Below are entries with pictures in them. Output exactly the lines starting at the line with "Map preview for Radley to Oxford Thames Path" and ending at the line with "ювелірного магазину Онікс", both included, but not the pictures.

Given entries.
-- -- --
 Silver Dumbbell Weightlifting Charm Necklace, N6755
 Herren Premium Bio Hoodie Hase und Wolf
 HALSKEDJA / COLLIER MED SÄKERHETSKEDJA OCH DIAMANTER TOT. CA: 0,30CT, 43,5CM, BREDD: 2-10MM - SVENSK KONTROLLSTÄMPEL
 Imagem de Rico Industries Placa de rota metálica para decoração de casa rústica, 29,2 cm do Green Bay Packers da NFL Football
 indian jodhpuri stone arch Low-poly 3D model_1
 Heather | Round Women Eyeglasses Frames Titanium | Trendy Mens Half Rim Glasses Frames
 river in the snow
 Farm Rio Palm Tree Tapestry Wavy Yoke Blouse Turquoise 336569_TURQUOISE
-- -- --
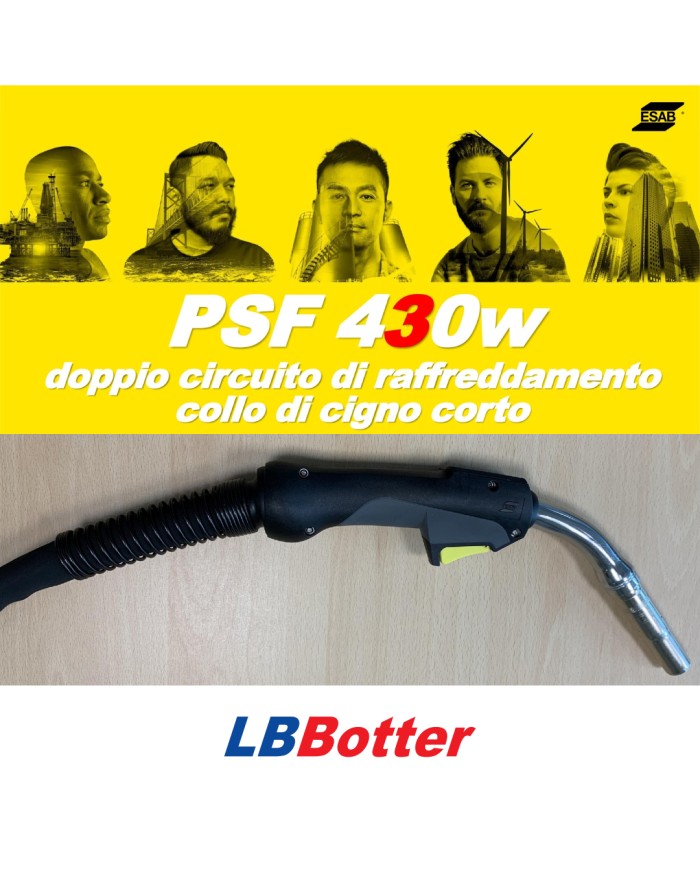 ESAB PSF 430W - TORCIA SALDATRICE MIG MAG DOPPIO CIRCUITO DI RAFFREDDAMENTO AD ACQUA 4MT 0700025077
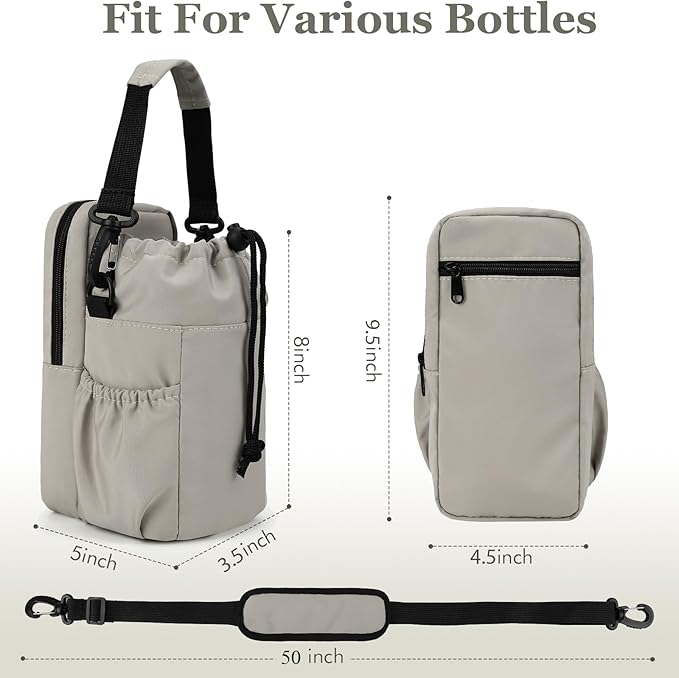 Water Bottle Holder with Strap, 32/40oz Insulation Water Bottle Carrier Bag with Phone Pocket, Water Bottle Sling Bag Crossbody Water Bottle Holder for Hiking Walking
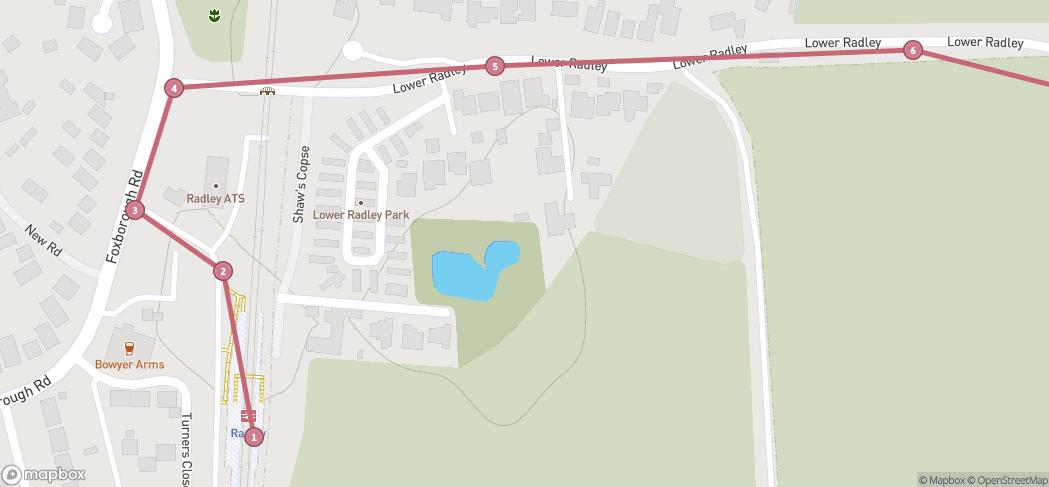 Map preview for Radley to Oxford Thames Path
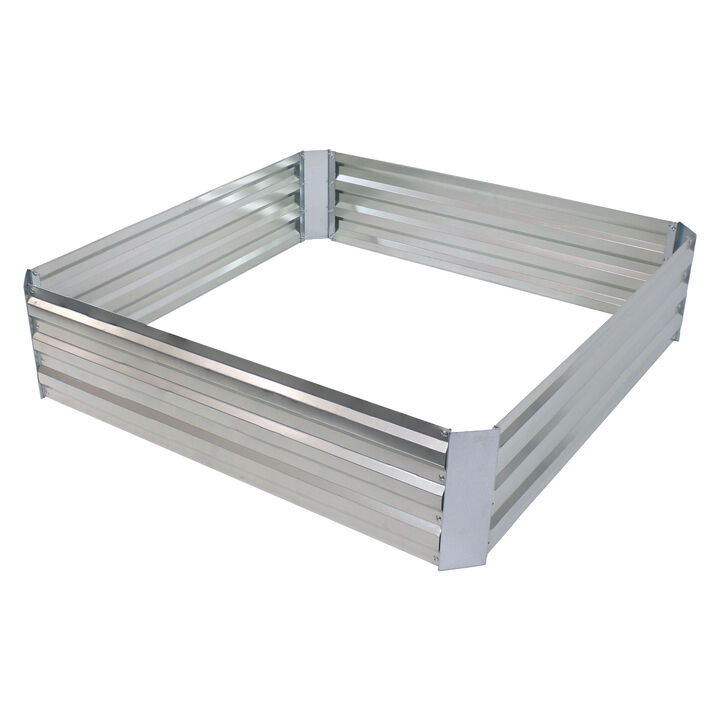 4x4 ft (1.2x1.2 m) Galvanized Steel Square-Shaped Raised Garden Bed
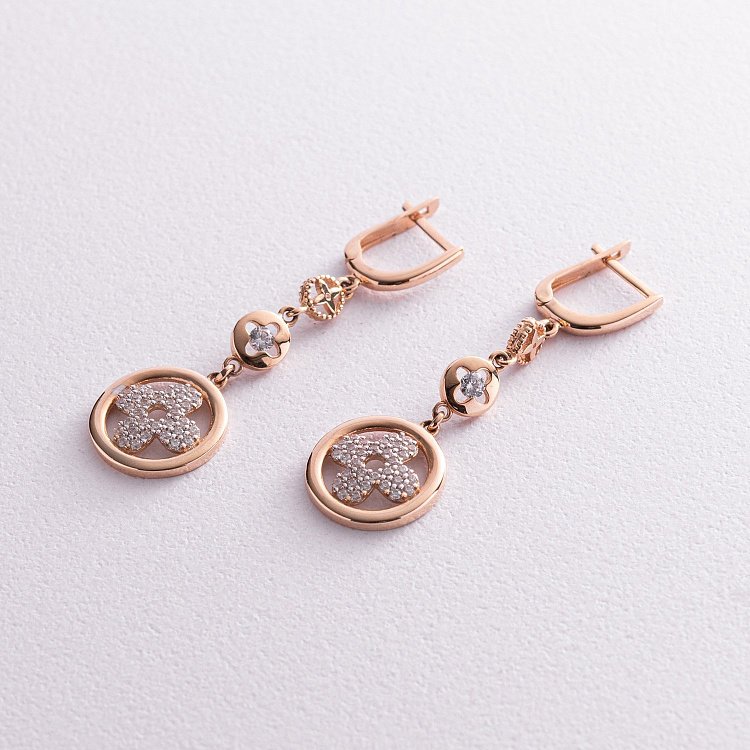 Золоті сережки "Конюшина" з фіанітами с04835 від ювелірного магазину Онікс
-- -- --
Exercise result.
 Map preview for Radley to Oxford Thames Path
 4x4 ft (1.2x1.2 m) Galvanized Steel Square-Shaped Raised Garden Bed
 Золоті сережки "Конюшина" з фіанітами с04835 від ювелірного магазину Онікс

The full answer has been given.